**Exercise prompt:** Your answer must hold only the lines below from the line containing "కిడ్స్ ఫ్యాషన్ షో కిడ్స్ ఫ్యాషన్ షో" through the line containing "Lampa wisząca Halo", each reproduced exactly.

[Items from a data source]

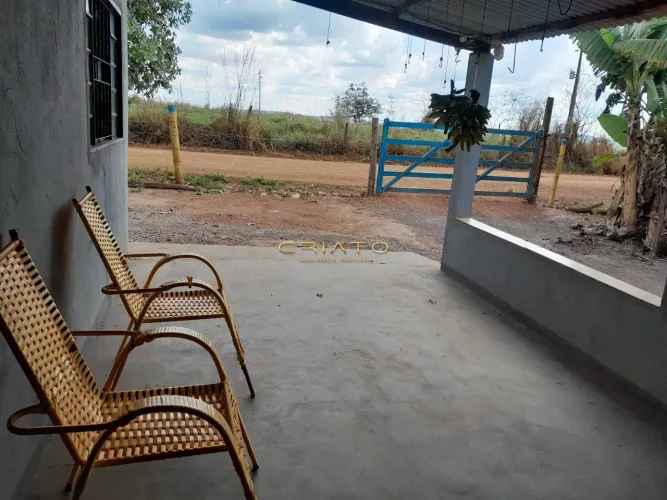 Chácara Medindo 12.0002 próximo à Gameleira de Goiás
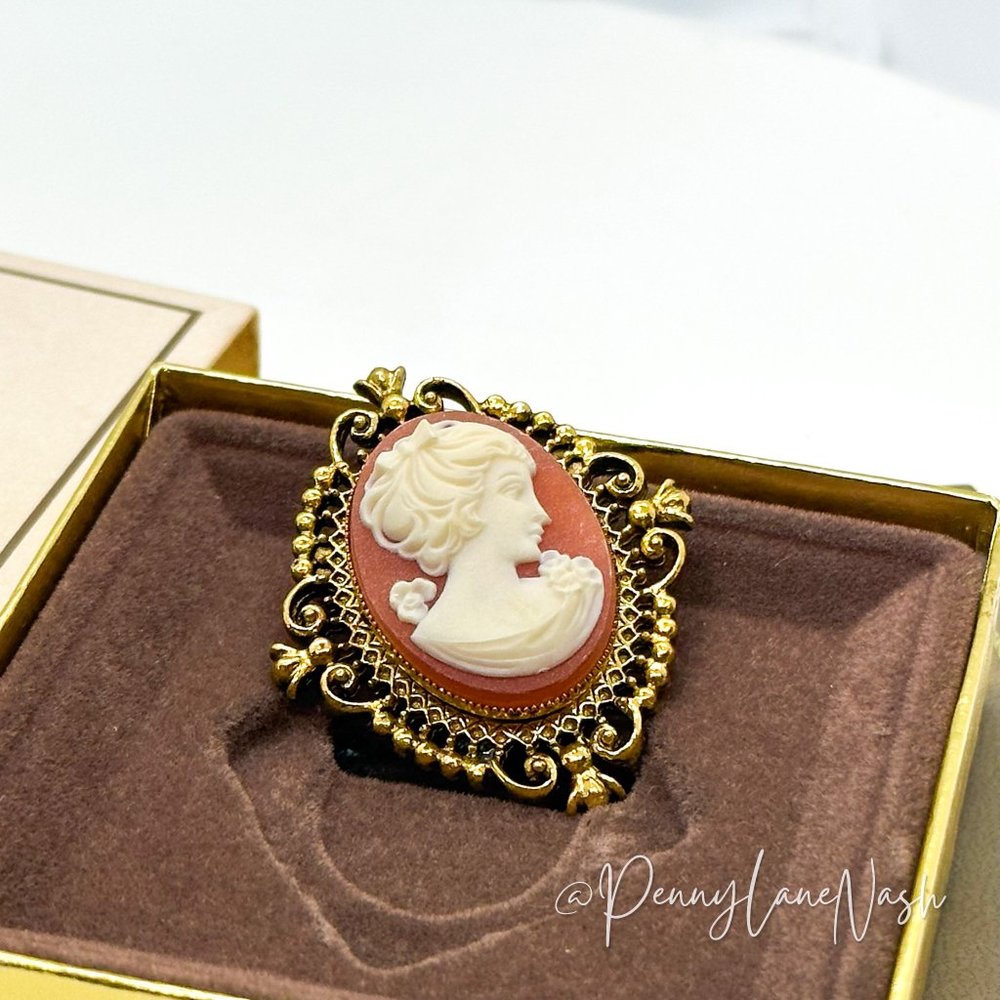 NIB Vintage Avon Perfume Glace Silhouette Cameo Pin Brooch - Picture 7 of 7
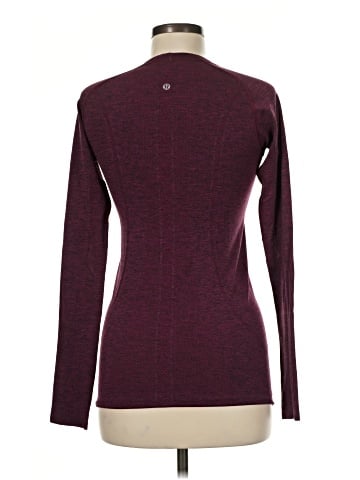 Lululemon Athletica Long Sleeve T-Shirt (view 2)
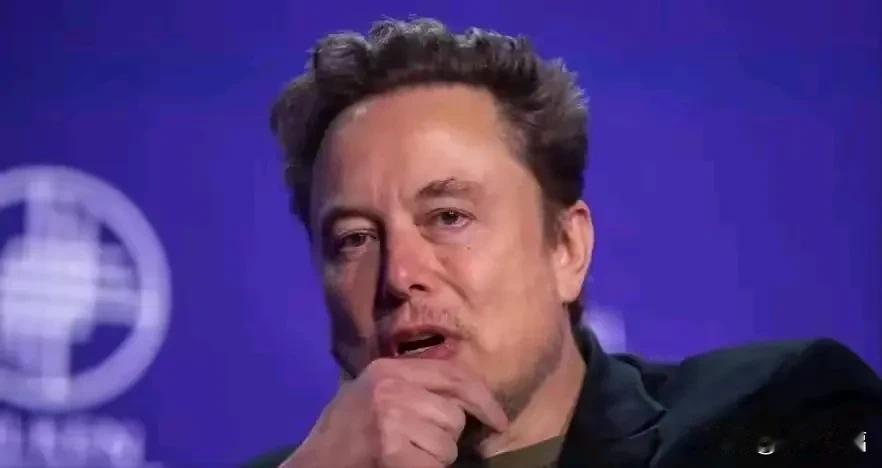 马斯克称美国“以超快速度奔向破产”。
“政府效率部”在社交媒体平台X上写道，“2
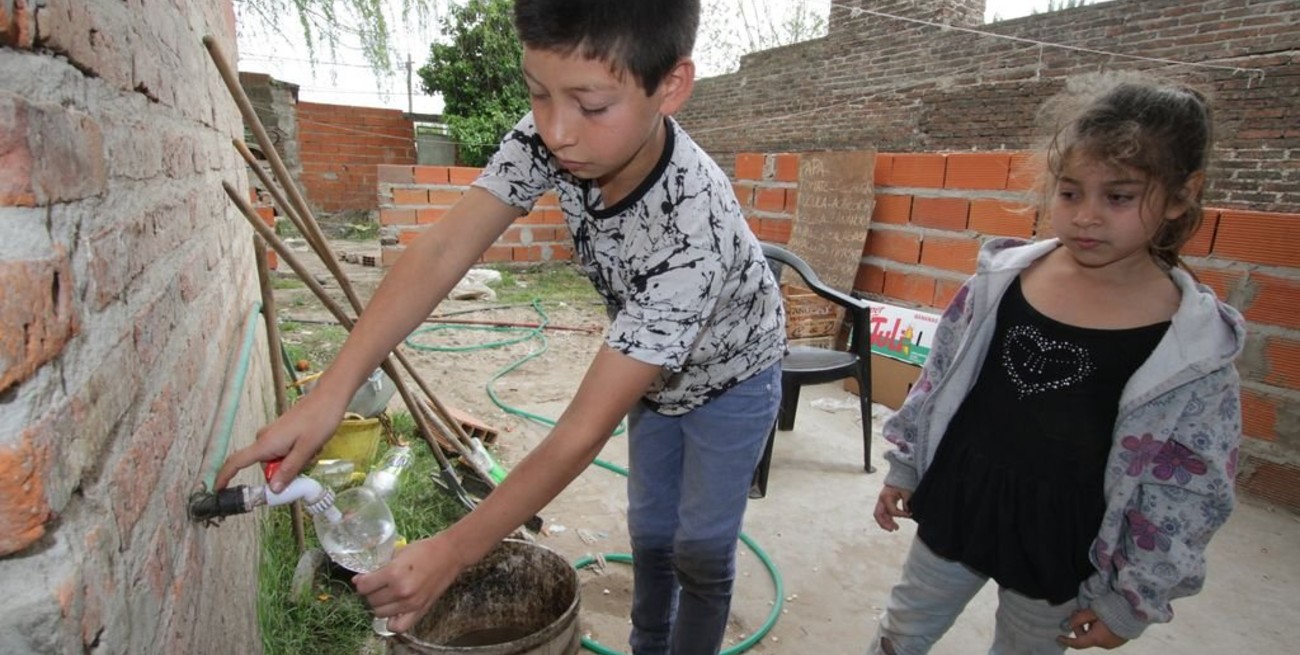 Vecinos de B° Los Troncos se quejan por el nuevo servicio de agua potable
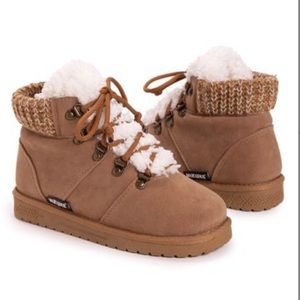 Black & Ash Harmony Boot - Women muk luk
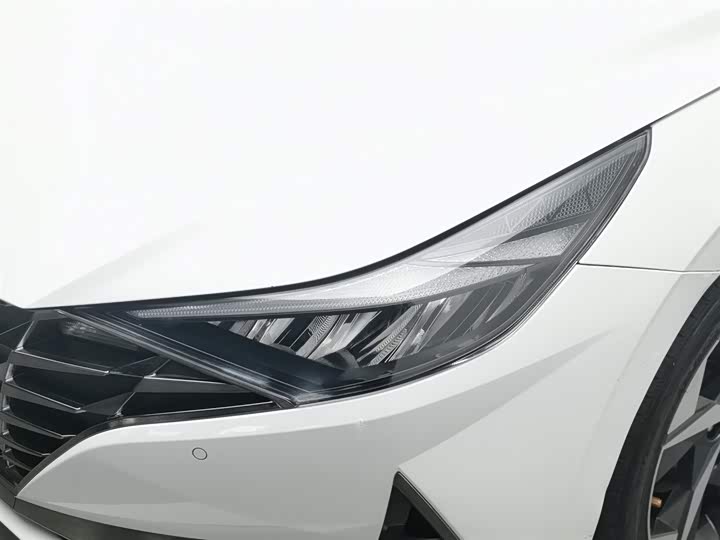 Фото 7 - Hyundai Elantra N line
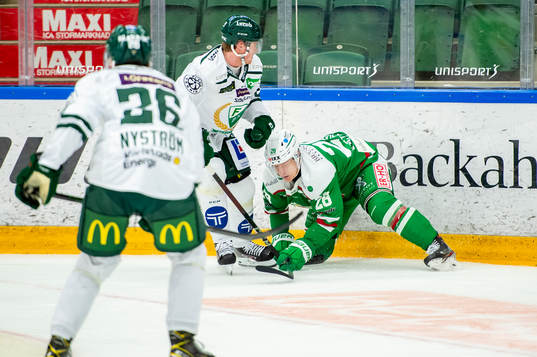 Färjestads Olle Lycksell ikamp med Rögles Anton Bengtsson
--
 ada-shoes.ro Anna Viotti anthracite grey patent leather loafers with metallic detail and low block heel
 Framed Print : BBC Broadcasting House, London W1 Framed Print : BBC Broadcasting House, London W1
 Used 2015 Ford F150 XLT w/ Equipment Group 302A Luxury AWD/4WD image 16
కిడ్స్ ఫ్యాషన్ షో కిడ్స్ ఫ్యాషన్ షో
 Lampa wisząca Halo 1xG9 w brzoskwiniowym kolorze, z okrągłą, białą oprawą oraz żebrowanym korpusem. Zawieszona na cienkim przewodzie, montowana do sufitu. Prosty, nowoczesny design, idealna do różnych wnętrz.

**Answer section:**
కిడ్స్ ఫ్యాషన్ షో కిడ్స్ ఫ్యాషన్ షో
 Lampa wisząca Halo 1xG9 w brzoskwiniowym kolorze, z okrągłą, białą oprawą oraz żebrowanym korpusem. Zawieszona na cienkim przewodzie, montowana do sufitu. Prosty, nowoczesny design, idealna do różnych wnętrz.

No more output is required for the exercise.